12 febbraio 2011

La meritocrazia fallimentare della Gelmini

Il ministro Gelmini, i cui meriti scolastici sono quantomeno dubbi (laureata in legge, è andata a 1000 km da casa per sostenere un più facile esame da avvocato e non ha mai accolto l'invito di Bersani a mostrare i propri voti), vuole di introdurre la meritocrazia nella scuola.

Come? Con complesse valutazioni del lavoro svolto e un premio in denaro ai professori meritevoli. Una quattordicesima mensilità.

Detta così pare una buona cosa, ma i dubbi e i problemi sono tanti.

Come decidere se è più bravo un professore di filosofia o uno di matematica? E' migliore il professore severo o il professore generoso (in voti)? E' più bravo un professore che segue fedelmente il programma o quello che esce dal seminato ma entusiasma gli studenti?

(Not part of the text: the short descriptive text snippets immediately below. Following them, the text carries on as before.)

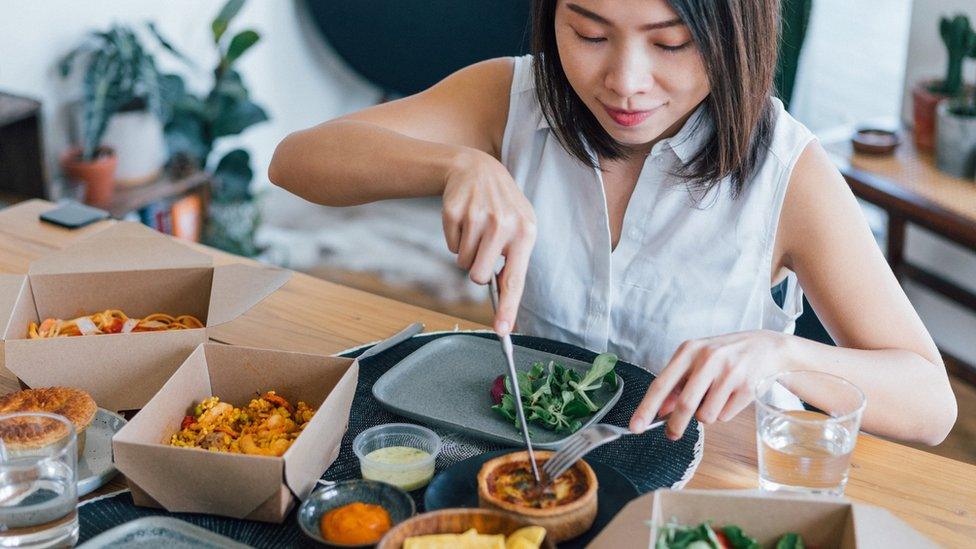 Woman eating takeaway food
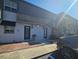 Townhouse exterior features well-maintained stucco, covered entries and tidy brick and concrete walkways at 1920 Conway Rd # 4, Orlando, FL 32812
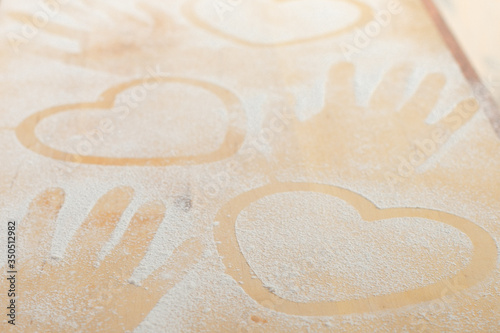 Heart and hand prints and drawing with flour on the board. Rough wooden rectangular used cutting board background with flour top view. Kitchen equipment. Concept of baking homemade, pastry copy space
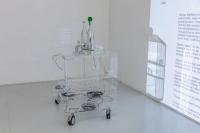 Earth of the Books, 2019, Collection of short stories, plexiglass drink cart, plastic casters, projectors, electrical cables, MP3 player, sound transducers, rubber bands, printed vinyl text, mirror foil, glass, water, 110 × 82 × 66 cm (undefined), Mark von Schlegell, Jan Kaps, Cologne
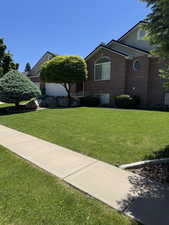 View of front facade featuring brick siding and a front lawn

E come valutare la chiarezza nell'esposizione di un argomento? E' credibile che un preside dia i voti ai suoi docenti o che gli stessi professori si giudichino?

Quando poi alcuni venissero premiati, come cambierebbe il loro rapporto con gli altri docenti? Chi non è premiato potrebbe risentirsi e qualcuno potrebbe cambiare comportamento, peggiorando la qualità del servizio reso, allo scopo di ottenere il premio.

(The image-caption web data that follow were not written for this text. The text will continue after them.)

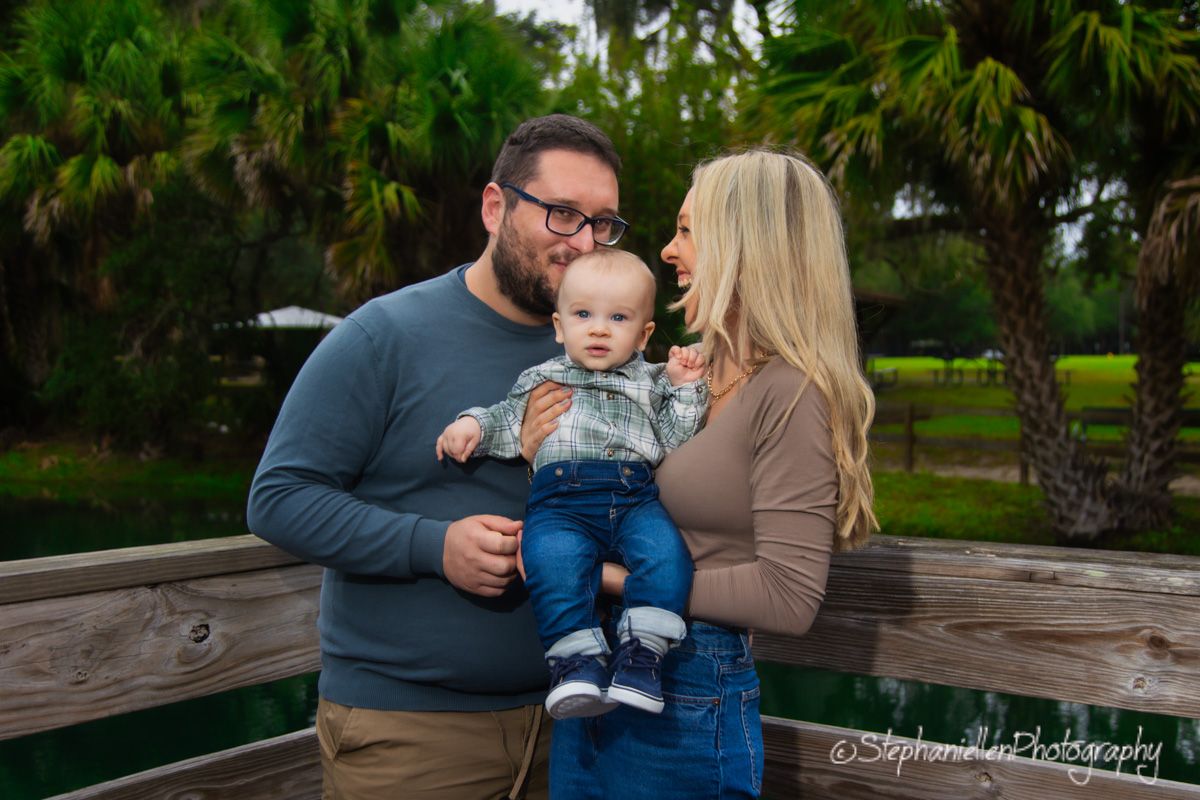 A young family with a baby poses outdoors near lush green palm trees in a warm, candid portrait session.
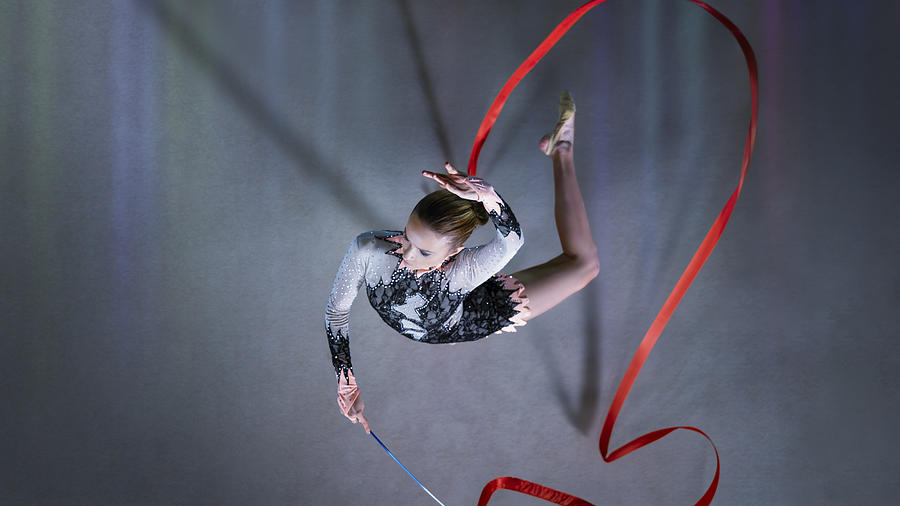 Gymnast performing with ribbon Photograph by Simonkr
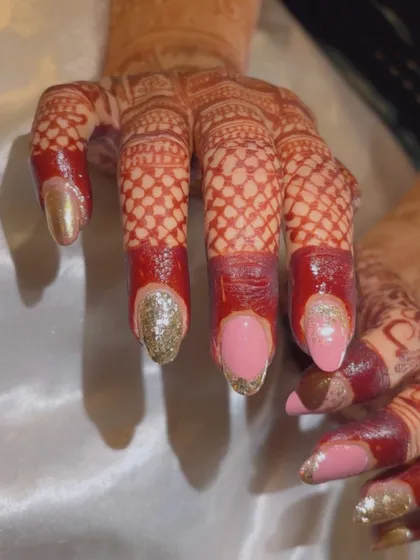 A still shot of the pink and metallic bridal set, showing the contrast between the matte pink, the sparkling silver glitter, and the reflective gold chrome.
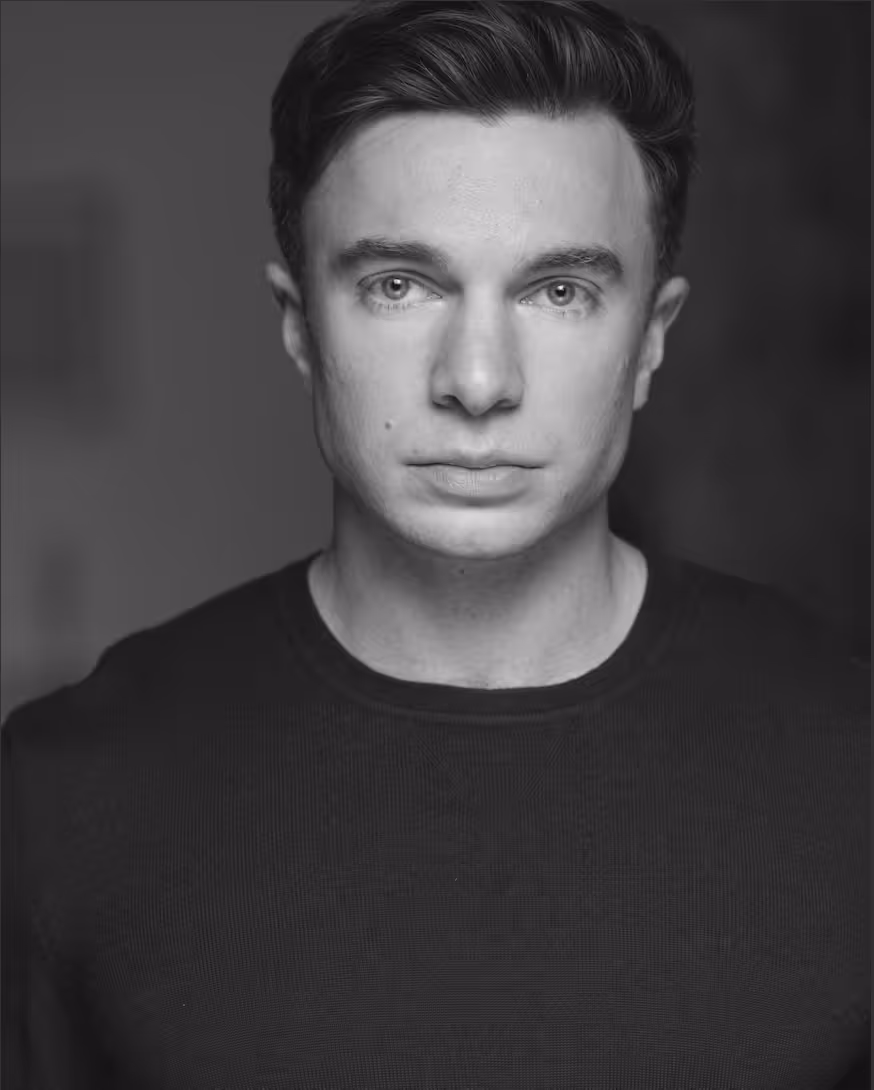 Black and white headshot of a young man with short dark hair wearing a dark shirt, looking directly at the camera.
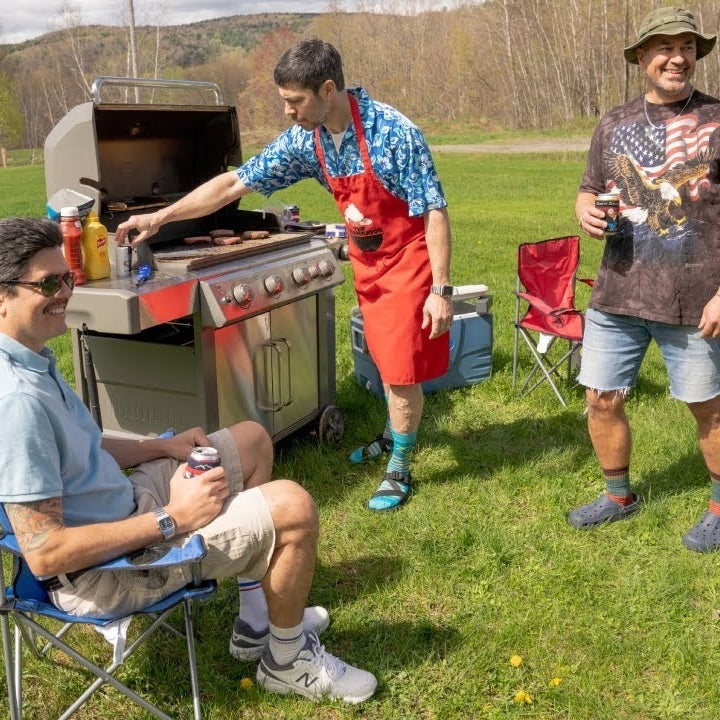 Three dads standing around a grill drinking beers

I dubbi sulla valutazione del merito sono, quindi, legittimi e solo 35 scuole su oltre 1400 candidate alla sperimentazione hanno accettato di partecipare alla valutazione proposta dalla Gelmini (vedi qui).

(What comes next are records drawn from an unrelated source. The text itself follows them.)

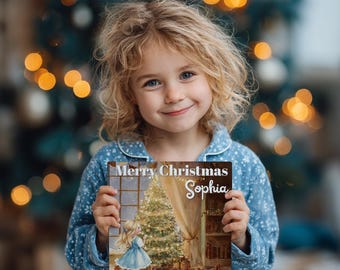 Puede incluir: Una niña en pijama azul sostiene un libro con temática navideña. La portada del libro presenta un árbol de Navidad, una niña con un vestido azul y el texto "Merry Christmas Sophia". El fondo incluye un árbol de Navidad borroso con luces bokeh.
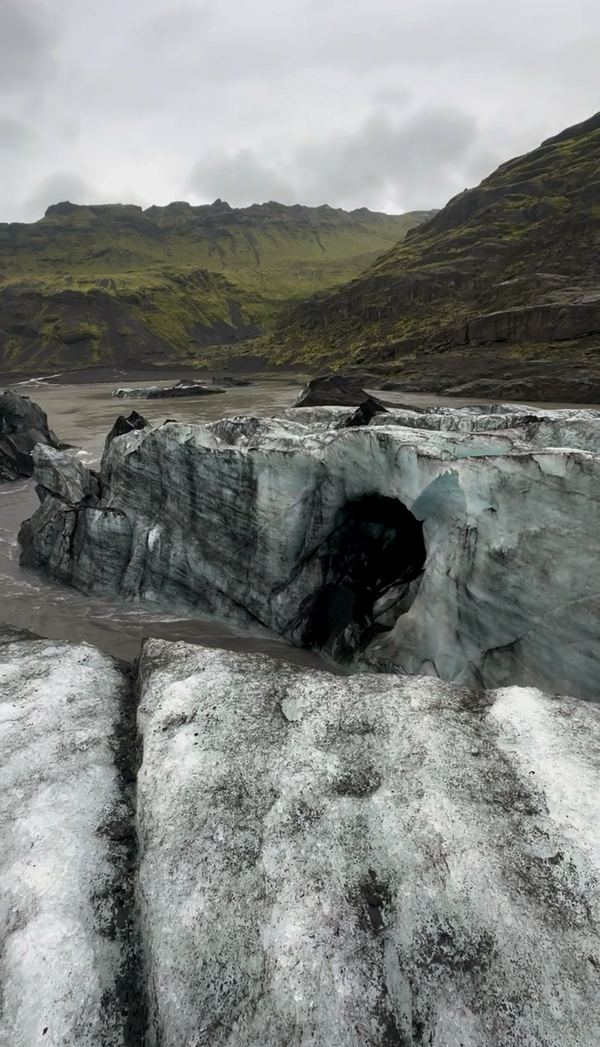 Grey glacier ice and an ice cave below green mountains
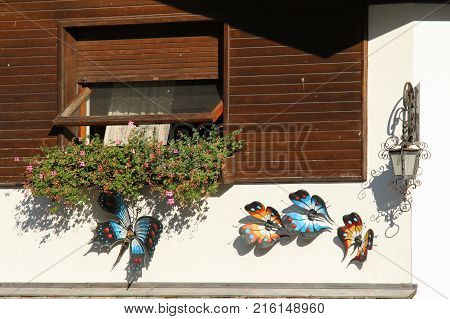 Italy Rocca Pietore - August 26 2016: the view of the decorative ironwork sculpture butterflies on a wall on August 26 2016 Veneto Italy.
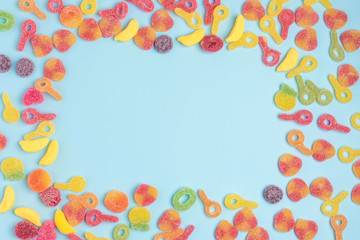 Blue paper background with sugary jellies and blank notepad. Place for your text. Cozy sweet background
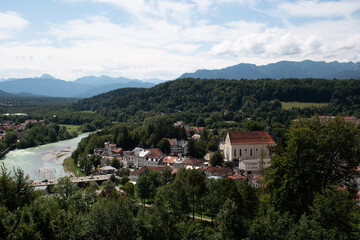 Fototapeta na wymiar View of the western part of the town of Bad Tölz and the Isar river in Upper Bavaria in Germany on a summer day, with the Alps in the distance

In più la Gelmini e Brunetta (altro ministro i cui meriti sono quantomeno dubbi come dimostra questo articolo) sono riusciti a proporre un incentivo economico ma non hanno stanziato un euro. I soldi dovrebbero arrivare dalle stesse scuole, che già soffrono una cronica scarsità di fondi. E' naturale, quindi, che molte dicano di no a criteri che offrono poche certezze, salvo quella di uno scarso merito di chi propone certi metodi di valutazione.